[RECORDED DATA — start]
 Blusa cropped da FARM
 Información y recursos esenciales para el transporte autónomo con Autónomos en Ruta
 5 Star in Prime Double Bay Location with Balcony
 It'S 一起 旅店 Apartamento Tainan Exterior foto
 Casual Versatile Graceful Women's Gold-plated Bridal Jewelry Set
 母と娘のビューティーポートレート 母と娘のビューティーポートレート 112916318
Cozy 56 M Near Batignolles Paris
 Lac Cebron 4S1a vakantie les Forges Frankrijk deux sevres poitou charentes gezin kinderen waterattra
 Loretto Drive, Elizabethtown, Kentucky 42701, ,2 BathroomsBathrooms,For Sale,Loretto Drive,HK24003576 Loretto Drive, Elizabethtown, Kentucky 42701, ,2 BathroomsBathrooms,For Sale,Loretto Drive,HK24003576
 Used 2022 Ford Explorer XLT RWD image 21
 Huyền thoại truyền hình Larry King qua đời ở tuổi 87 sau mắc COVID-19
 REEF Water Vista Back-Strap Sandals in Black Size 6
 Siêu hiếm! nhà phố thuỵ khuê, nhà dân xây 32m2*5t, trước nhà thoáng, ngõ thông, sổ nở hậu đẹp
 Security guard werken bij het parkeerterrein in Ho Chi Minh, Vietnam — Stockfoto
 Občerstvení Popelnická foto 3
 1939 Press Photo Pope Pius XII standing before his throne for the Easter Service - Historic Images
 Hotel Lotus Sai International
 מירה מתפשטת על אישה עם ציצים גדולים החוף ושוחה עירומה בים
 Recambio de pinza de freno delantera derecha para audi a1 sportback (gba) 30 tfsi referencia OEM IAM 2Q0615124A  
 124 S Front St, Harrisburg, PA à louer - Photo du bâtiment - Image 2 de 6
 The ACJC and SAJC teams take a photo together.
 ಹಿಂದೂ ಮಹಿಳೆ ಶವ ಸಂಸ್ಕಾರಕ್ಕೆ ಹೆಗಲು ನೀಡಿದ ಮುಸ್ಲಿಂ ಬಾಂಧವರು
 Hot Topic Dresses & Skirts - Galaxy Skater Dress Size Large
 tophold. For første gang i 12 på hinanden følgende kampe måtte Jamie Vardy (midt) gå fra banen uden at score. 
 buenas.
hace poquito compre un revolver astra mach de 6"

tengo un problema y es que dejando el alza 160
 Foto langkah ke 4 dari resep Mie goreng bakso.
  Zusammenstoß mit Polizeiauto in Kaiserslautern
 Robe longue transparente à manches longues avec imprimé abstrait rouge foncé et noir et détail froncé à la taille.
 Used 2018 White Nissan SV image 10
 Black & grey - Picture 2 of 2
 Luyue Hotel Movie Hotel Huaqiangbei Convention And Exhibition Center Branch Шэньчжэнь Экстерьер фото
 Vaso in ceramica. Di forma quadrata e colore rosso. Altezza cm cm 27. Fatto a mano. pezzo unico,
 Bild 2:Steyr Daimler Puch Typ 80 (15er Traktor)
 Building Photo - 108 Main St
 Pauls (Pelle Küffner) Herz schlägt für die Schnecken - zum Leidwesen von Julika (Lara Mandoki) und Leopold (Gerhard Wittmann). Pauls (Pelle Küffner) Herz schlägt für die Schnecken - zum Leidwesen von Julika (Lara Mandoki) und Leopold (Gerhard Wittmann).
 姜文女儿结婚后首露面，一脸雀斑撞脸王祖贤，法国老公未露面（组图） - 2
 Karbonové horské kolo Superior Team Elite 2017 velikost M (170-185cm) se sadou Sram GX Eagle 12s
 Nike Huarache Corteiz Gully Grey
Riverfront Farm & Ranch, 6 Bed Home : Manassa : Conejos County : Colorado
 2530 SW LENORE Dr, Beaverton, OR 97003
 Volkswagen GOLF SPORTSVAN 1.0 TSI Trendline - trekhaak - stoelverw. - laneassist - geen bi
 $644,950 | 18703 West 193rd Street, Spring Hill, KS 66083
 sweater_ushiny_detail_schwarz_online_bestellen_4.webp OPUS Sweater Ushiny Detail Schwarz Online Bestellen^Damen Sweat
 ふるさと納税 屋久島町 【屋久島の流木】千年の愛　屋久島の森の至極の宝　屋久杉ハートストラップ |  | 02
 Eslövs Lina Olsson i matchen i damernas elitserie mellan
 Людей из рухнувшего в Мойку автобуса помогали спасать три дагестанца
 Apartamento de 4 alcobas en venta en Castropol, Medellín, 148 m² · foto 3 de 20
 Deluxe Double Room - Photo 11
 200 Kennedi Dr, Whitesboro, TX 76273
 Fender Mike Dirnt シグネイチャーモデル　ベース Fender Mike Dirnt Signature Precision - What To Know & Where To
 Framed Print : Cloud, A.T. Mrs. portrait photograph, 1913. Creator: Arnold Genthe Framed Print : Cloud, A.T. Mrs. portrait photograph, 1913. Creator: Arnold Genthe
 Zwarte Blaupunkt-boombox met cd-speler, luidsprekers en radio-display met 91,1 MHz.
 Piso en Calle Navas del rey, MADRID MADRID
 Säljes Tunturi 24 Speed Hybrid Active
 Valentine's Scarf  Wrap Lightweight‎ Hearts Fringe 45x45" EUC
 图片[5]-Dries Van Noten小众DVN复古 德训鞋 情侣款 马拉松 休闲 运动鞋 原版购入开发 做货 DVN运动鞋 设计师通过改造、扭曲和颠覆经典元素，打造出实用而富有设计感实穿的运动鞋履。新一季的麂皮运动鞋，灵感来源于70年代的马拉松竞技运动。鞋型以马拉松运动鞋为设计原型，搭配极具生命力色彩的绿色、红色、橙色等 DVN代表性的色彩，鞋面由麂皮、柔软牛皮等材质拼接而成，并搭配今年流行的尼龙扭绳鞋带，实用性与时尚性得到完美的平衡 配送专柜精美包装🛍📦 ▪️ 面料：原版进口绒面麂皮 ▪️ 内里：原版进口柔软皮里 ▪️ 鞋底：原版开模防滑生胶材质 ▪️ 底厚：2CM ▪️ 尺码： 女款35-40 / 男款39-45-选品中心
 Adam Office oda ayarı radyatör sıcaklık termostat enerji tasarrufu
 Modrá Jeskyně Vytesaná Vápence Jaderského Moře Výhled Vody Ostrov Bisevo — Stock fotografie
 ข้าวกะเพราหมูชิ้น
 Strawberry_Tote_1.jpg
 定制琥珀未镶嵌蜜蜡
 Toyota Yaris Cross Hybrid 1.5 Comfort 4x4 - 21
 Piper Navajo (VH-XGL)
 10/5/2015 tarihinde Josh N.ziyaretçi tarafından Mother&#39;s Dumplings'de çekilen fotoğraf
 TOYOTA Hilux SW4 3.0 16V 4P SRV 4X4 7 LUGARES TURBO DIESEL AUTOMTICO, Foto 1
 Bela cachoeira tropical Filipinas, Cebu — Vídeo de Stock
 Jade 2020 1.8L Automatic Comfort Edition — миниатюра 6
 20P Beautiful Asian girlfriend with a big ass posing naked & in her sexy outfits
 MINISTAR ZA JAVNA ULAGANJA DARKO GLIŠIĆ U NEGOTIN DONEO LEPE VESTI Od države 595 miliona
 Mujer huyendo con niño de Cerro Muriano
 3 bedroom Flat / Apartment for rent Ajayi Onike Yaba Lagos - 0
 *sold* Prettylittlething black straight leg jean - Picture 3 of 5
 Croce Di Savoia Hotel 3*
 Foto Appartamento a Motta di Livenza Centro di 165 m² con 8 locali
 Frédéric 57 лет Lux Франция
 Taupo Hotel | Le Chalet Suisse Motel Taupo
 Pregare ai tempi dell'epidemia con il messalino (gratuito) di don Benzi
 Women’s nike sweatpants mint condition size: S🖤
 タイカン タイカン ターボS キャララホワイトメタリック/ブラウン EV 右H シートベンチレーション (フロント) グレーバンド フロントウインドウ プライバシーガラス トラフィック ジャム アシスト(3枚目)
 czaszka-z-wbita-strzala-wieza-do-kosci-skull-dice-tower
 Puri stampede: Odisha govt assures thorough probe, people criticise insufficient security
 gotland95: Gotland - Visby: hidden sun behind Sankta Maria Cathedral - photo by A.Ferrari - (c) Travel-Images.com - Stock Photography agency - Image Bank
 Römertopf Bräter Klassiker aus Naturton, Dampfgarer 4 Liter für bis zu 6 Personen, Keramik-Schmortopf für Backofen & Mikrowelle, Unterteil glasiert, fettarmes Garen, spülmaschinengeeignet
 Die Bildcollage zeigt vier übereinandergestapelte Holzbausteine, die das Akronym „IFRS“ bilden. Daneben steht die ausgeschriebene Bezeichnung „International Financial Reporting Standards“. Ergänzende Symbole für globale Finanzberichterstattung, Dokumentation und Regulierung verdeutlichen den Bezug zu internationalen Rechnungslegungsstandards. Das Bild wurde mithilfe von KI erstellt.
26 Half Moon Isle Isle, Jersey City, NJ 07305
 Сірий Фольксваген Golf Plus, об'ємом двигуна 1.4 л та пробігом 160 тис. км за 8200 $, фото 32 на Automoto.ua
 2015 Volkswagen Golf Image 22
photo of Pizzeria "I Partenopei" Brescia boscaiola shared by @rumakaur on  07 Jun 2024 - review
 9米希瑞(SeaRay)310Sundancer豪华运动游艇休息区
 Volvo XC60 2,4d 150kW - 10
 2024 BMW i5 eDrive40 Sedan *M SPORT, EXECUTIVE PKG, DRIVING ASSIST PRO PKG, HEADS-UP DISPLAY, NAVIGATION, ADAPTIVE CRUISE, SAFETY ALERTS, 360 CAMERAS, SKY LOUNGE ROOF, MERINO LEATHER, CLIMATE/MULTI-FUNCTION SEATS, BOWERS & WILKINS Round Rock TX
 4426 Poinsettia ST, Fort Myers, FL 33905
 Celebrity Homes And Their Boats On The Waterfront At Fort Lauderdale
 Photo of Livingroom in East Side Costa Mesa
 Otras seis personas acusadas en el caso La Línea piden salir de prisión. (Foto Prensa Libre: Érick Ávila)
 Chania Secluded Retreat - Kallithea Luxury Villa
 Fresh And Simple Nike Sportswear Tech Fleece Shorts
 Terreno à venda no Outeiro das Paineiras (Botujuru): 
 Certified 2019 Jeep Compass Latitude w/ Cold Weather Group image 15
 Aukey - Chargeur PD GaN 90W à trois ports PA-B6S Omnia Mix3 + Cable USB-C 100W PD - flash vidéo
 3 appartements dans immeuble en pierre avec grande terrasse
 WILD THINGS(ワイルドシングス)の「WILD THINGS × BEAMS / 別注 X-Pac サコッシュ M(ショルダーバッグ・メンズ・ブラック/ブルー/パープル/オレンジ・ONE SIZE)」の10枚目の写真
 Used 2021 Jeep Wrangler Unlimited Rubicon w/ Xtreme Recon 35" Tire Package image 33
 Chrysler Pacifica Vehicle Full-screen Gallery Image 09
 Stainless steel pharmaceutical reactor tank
[RECORDED DATA — finish]
* **EXERCISE PROMPT**:
Retype, exactly and in full, the lines above from the one containing "Säljes Tunturi 24 Speed Hybrid Active" through the one containing "Adam Office oda".

* **EXERCISE RESULT**:
 Säljes Tunturi 24 Speed Hybrid Active
 Valentine's Scarf  Wrap Lightweight‎ Hearts Fringe 45x45" EUC
 图片[5]-Dries Van Noten小众DVN复古 德训鞋 情侣款 马拉松 休闲 运动鞋 原版购入开发 做货 DVN运动鞋 设计师通过改造、扭曲和颠覆经典元素，打造出实用而富有设计感实穿的运动鞋履。新一季的麂皮运动鞋，灵感来源于70年代的马拉松竞技运动。鞋型以马拉松运动鞋为设计原型，搭配极具生命力色彩的绿色、红色、橙色等 DVN代表性的色彩，鞋面由麂皮、柔软牛皮等材质拼接而成，并搭配今年流行的尼龙扭绳鞋带，实用性与时尚性得到完美的平衡 配送专柜精美包装🛍📦 ▪️ 面料：原版进口绒面麂皮 ▪️ 内里：原版进口柔软皮里 ▪️ 鞋底：原版开模防滑生胶材质 ▪️ 底厚：2CM ▪️ 尺码： 女款35-40 / 男款39-45-选品中心
 Adam Office oda ayarı radyatör sıcaklık termostat enerji tasarrufu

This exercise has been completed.